▸ THE PROBLEM
Retype only the lines below from the one with "86 Back Trail, Cleveland, GA" to the one with "koyo breal Mandelão", inclusive, skipping every image.

▸ PROVIDED RECORDS
-- Opening Marker --

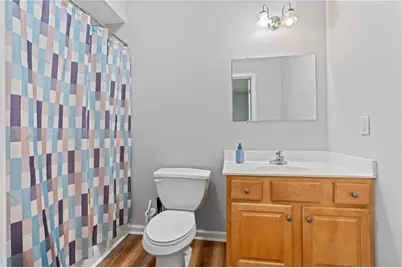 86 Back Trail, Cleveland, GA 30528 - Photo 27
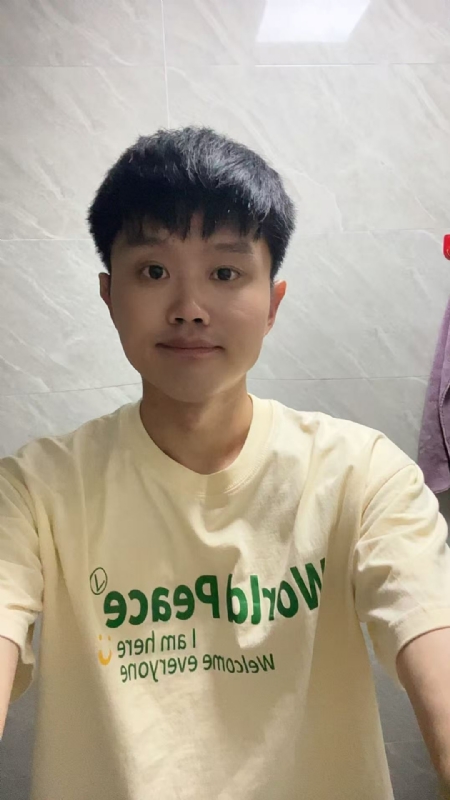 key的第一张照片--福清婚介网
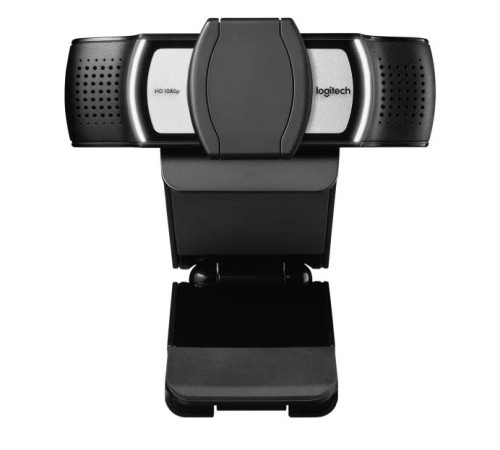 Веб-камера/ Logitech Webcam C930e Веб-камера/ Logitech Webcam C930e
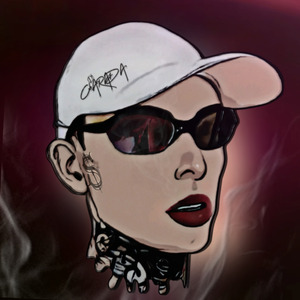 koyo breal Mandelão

-- Closing Marker --
-- Opening Marker --

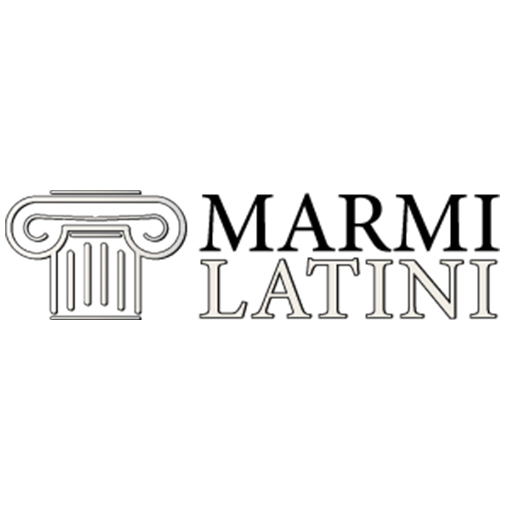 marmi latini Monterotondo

-- Closing Marker --
-- Opening Marker --

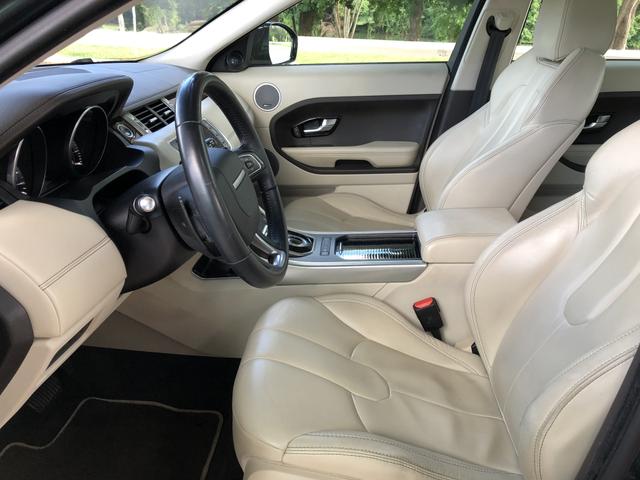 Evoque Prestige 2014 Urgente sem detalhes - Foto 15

-- Closing Marker --

▸ EXERCISE ANSWER
 86 Back Trail, Cleveland, GA 30528 - Photo 27
 key的第一张照片--福清婚介网
 Веб-камера/ Logitech Webcam C930e Веб-камера/ Logitech Webcam C930e
 koyo breal Mandelão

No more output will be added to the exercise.